BEGIN Material supplied

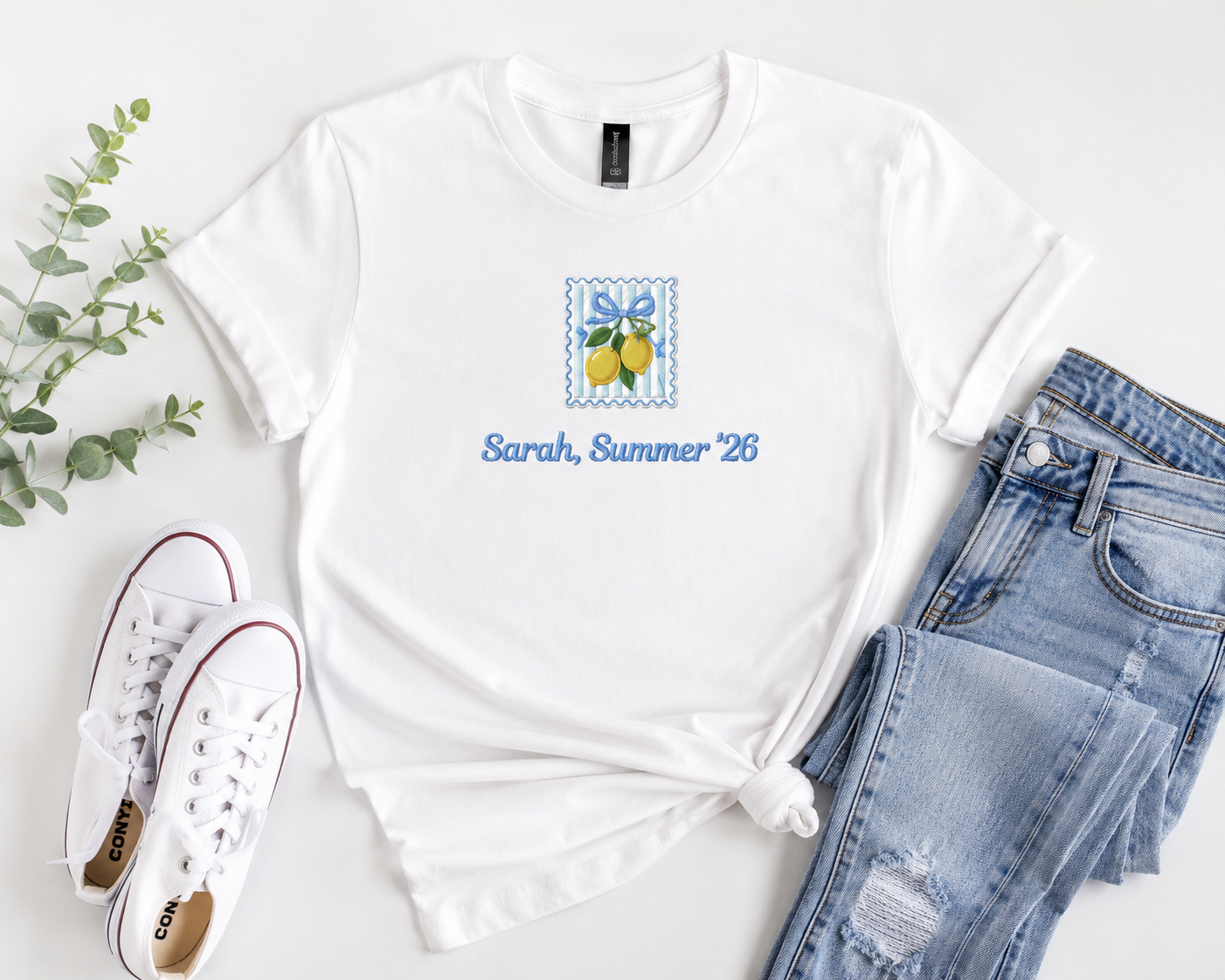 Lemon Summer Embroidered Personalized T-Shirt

END Material supplied
BEGIN Material supplied

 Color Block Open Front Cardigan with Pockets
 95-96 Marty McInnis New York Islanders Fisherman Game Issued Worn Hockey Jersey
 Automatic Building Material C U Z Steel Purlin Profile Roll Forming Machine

END Material supplied
BEGIN Material supplied

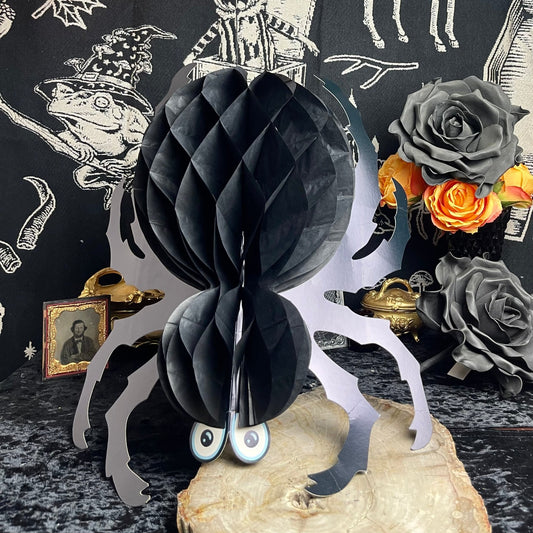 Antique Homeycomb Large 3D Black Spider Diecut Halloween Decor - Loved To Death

END Material supplied

### Activity:
Output, from the data above, the lines from the line with "95-96 Marty McInnis" to the line with "Automatic Building Material" exactly as they stand, both ends included and nothing else.

### Expected answer:
 95-96 Marty McInnis New York Islanders Fisherman Game Issued Worn Hockey Jersey
 Automatic Building Material C U Z Steel Purlin Profile Roll Forming Machine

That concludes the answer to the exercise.